Record of Processing Activities (ROPA)
The General Data Protection Regulations (GDPR) came into force in May 2018, in which Article 30 included a requirement for all public bodies to produce a Record of Processing Activities, or a ROPA.
This document is an inclusive and non-exhaustive list of the processes undertaken by sections within the Department that utilise personal data; by nature it takes the form of a living document, which will be updated regularly with changes and amendments. If you have any queries regarding specific processes which utilise personal data that are not covered by this document, please contact the Data Protection Officer, as detailed above.
Collection and Use of Personal Information
The National Archives respects the rights of its users and does not collect any personal data about you on its website.
By contacting us via email, you may be sending us personal information such as your name, address, and email address. We may store your name, address and email address in order to respond to your request or otherwise resolve the subject matter of the email.
Where a user voluntarily provides personal information, this data will be used only for the purposes for which it is provided, and not passed to any third party, unless obliged to disclose such information by a rule of law.

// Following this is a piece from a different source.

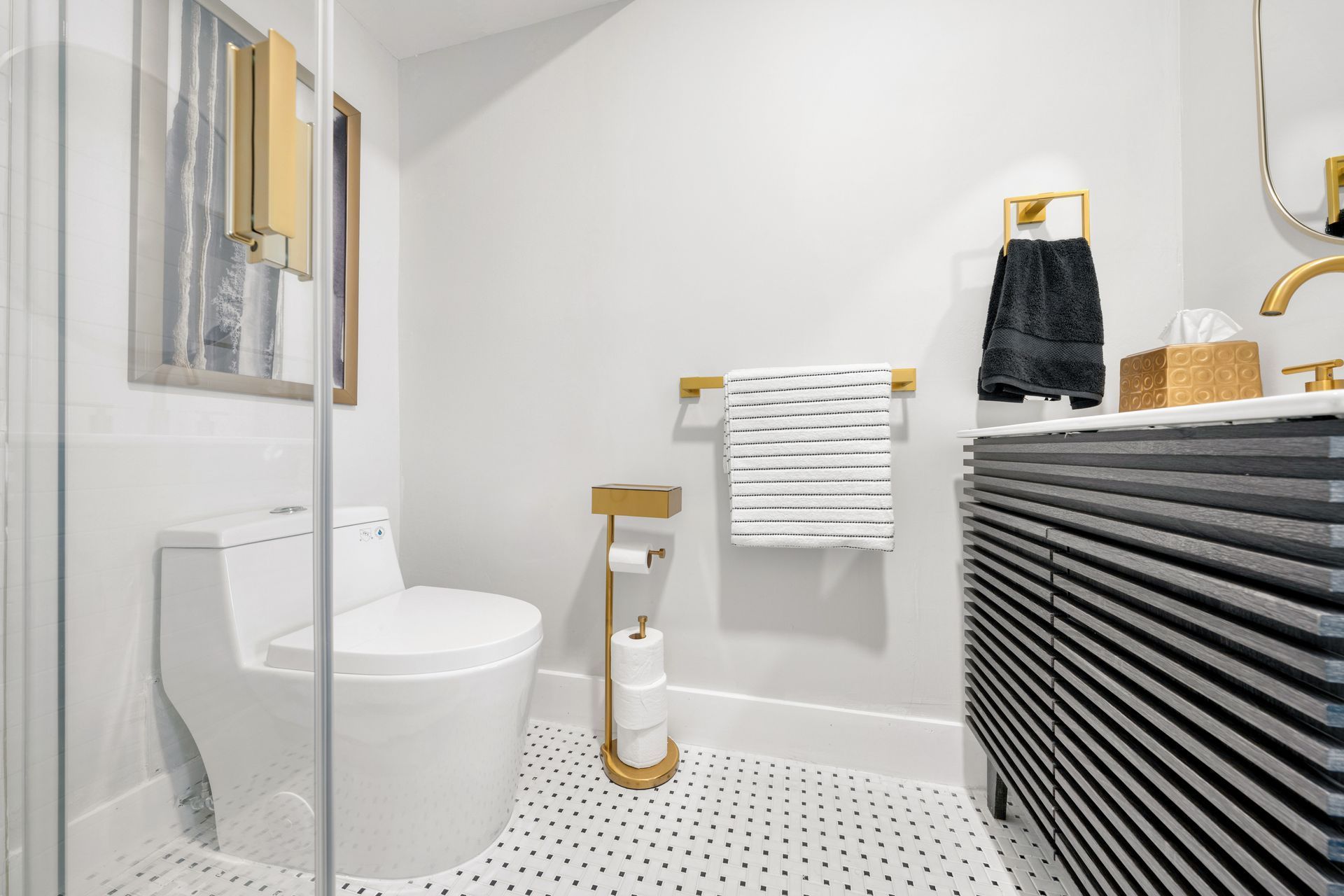 A bathroom with a toilet , sink , and shower.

Collection and Use of Technical Information
Technical details in connection with visits to the National Archives’ websites are logged for statistical and other administrative purposes. No information is collected that could be used by the National Archives to identify website visitors. The details logged are confined to the following items:
- The IP address of the visitor’s web client;
- The top-level domain name used (for example .ie, .com, .org, .net);
- The previous website address from which the visitor reached us, including any search terms used;
- Clickstream data which shows the traffic of visitors around this website (for example, webpages accessed and documents downloaded);
- The type of web browser used by the website visitor.

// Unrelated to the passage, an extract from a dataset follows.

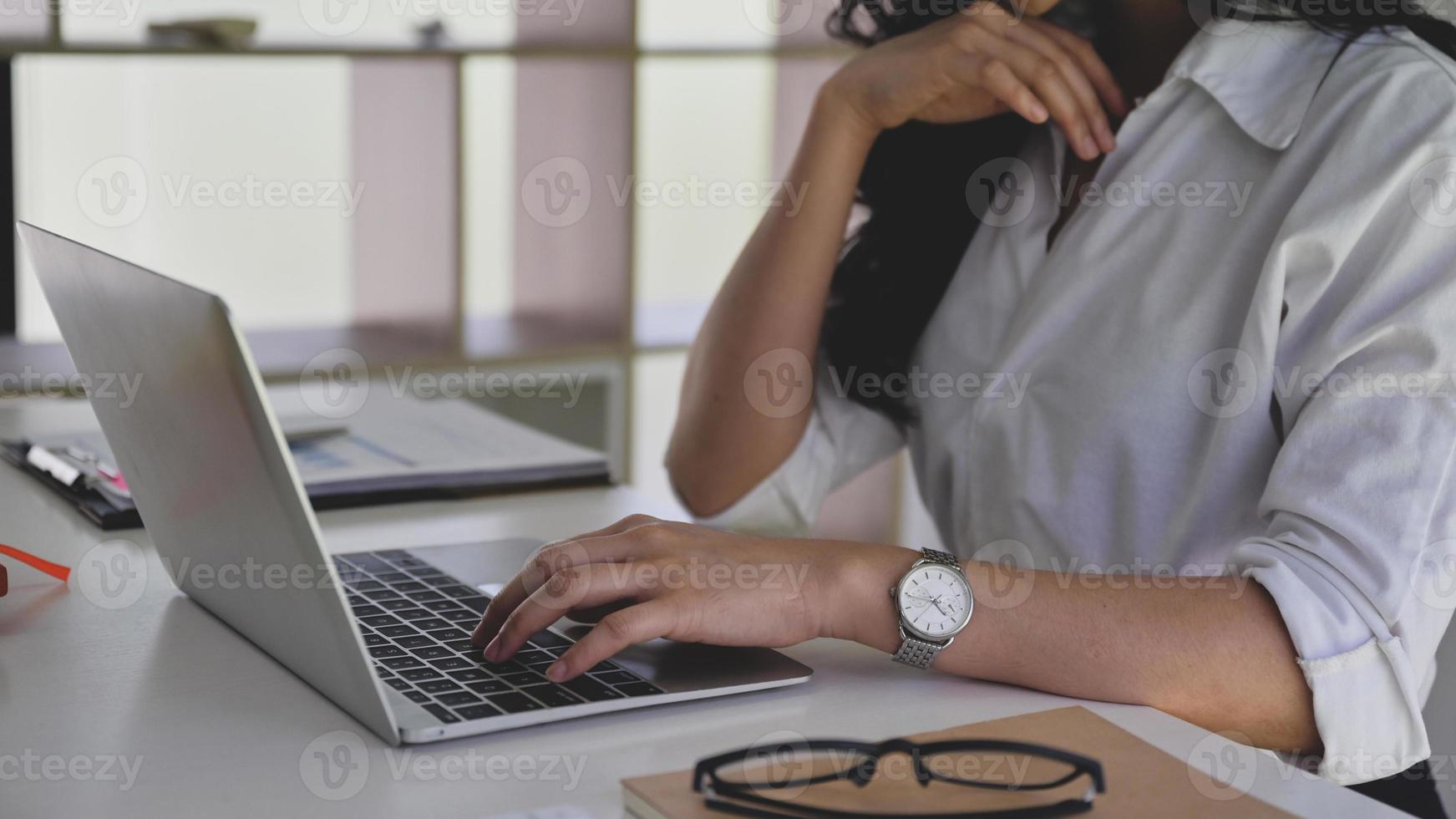 mujer de negocios que usa la computadora portátil para buscar información mientras trabaja desde casa. foto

The National Archives will make no attempt to identify individual visitors, or to associate the technical details listed above with any individual except in the investigation of any inappropriate or malicious use of the National Archives’ website itself. It is the policy of the National Archives never to disclose any technical information in respect of individual website visitors to any third party, unless legally obliged to make such disclosure.
The National Archives’ websites use SiteImprove to help analyse how users use the sites. This analytical tool uses ‘cookies’, which are text files placed on your computer, to collect standard internet log information and visitor behaviour information in an anonymous form. The information generated by the cookie about your use of the website (including your IP address) is transmitted to and stored by Google on servers in the United States. This information is then used to evaluate your use of the website and to compile statistical reports on website activity for the Department of Culture, Heritage and the Gaeltacht.
The National Archives will not (and will not allow any third party) to use the statistical analytics tool to track or to collect any personally identifiable information of visitors to our sites. We will not associate any data gathered from this site with any personally identifying information from any source as part of our use of the Google statistical analytics tool. Google will not associate your IP address with any other data held by Google. Neither the National Archives nor Google will link, or seek to link, an IP address with the identity of a computer user.